Sunday, 19 January 2020

Closure of fire station put off due to election

Closure of fire station put off due to election

WARGRAVE fire station has been given another stay of execution thanks to the general election.

Members of Royal Berkshire Fire Authority’s management committee agreed at a meeting on Tuesday that the proposed closure should be delayed for six months.

They had been recommended to agree to the proposed closure of the station in order to help the fire authority find savings of £422,000 from 2020/21.

The Wargrave fire crew had already been given one reprieve on the condition that they improved their availability to 60 per cent but they failed to achieve this.

Councillor Colin Dudley, who chaired the meeting, said it would not be practical to make a decision during the election campaign as the political parties were promising increased spending in the public sector.

Members also agreed to conduct a study into the benefit of a community safety hub in Wargrave, similar to the tri-service buildings in Crowthorne and Hungerford. This would house fire and rescue, ambulance and police services under one roof.

Cllr Dudley said: “As you can imagine, the crews were very disappointed that they had not managed to achieve the 60 per cent target, especially after the loss of two key members of staff.

“They asked if there was any way they could be given another year to meet this target but we already have very significant budget pressures and it would just not be possible without additional financial support.

“I have been working hard with colleagues at Wokingham Borough Council to find additional funding. I hope we can find a way to give the crew another six months to help them to reach the target.

“I would propose that we change the recommendation to the fire authority that we defer this closure until at least June 2020 to give them one final chance.”

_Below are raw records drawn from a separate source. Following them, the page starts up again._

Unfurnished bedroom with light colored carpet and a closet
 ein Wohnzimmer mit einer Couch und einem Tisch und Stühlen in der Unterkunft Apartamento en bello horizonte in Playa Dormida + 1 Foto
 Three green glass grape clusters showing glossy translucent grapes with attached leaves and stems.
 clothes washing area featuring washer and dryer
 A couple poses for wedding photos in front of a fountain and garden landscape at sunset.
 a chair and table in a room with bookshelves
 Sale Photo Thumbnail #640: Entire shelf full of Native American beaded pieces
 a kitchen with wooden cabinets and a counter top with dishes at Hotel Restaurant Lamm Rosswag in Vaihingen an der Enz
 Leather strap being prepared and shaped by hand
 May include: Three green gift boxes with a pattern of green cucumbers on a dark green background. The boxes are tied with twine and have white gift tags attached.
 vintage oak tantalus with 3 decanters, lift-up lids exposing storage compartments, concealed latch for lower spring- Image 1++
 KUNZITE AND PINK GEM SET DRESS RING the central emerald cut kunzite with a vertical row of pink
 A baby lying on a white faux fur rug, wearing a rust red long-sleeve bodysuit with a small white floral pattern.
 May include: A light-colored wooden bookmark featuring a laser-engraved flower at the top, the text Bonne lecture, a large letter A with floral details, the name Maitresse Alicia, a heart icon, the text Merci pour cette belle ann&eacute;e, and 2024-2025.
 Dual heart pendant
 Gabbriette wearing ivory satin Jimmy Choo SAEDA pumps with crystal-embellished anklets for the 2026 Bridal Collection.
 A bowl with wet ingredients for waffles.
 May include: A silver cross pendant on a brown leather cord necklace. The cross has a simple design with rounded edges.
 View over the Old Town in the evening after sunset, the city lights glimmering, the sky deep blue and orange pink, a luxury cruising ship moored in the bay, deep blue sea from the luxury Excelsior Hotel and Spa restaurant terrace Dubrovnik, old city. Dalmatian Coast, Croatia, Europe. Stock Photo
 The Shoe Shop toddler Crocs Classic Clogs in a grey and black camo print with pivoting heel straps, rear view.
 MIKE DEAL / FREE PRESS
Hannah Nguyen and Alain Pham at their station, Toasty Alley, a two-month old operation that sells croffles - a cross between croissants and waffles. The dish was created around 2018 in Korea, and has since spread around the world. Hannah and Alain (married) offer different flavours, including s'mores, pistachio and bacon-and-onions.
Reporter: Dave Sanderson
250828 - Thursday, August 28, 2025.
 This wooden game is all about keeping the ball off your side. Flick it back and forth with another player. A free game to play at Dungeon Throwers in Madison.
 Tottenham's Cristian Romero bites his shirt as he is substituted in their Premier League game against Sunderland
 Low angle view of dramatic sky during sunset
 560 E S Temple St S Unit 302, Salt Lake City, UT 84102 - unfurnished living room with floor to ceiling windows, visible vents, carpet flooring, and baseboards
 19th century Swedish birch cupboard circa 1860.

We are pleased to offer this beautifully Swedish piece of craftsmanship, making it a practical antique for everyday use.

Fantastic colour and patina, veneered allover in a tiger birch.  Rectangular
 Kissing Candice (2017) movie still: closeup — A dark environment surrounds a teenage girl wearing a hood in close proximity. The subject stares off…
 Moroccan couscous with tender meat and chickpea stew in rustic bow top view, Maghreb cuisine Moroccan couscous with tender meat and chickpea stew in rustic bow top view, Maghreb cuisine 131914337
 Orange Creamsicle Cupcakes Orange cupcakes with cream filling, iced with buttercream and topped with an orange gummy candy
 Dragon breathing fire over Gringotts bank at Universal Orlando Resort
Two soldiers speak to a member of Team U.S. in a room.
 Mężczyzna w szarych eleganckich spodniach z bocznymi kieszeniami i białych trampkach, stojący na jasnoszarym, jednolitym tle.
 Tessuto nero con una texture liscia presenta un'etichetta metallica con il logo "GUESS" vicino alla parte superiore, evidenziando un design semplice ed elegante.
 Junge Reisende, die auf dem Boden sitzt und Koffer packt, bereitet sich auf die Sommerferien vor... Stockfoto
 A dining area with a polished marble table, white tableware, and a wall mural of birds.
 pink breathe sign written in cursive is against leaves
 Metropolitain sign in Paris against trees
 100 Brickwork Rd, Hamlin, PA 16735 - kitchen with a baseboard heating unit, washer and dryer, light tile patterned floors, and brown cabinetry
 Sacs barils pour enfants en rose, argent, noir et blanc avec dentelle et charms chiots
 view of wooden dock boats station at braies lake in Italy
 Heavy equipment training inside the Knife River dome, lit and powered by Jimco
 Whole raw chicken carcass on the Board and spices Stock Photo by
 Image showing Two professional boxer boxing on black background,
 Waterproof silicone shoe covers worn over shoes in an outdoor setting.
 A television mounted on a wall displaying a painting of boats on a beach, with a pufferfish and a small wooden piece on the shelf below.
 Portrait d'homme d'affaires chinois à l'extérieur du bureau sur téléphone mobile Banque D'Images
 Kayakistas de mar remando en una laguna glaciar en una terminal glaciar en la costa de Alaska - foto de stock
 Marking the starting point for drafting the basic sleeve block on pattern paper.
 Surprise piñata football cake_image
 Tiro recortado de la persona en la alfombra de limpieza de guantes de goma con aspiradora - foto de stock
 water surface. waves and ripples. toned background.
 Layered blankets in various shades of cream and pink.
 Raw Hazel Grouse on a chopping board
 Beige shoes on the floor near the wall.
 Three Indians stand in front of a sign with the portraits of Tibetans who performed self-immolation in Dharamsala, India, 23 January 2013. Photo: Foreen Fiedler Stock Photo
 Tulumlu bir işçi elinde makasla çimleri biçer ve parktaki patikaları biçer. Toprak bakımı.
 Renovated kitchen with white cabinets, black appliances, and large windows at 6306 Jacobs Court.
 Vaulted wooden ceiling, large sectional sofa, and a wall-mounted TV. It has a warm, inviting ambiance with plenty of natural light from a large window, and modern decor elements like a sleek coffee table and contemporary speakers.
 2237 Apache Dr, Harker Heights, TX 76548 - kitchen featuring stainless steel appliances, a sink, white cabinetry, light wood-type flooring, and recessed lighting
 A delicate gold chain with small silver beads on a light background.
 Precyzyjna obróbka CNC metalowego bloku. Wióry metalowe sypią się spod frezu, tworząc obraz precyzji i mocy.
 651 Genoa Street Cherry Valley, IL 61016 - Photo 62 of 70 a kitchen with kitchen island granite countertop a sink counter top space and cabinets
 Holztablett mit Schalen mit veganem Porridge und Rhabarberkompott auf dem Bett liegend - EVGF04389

The Victoria Road station, which opened in 1903 and is the oldest in Berkshire, has been under threat since April 2017, when the authority decided to close it to save costs.

The decision was deferred for 12 months as a result of a campaign by Wargrave residents and to see if availability could be brought up to 60 per cent. This was then extended for nine months in November last year.

The station, which is manned by retained firefighters, has a history of struggling to recruit and at one stage the crew’s availability was as low as 3.2 per cent. The fire service has a response target of 75 per cent within 10 minutes of a call being made to 999 and Wargrave contributes to less than 0.1 per cent of this figure.

Cllr Dudley said: “We have extended this once before and I think to extend it again shows that we on the fire authority are listening to the people of Wargrave.

“They have had a slight setback with two senior staff leaving and hopefully this extension period will give them enough time to train staff up to the required standard.”

Councillor Paul Gittings, said the station had “tremendous potential”.

He added: “Making a decision during an election period and before we know the implications of what is going to happen — with both major parties offering some kind of end to austerity — would be foolish.

“I welcome this change of heart and wish Wargrave the best of success in trying to reach an extremely challenging target.”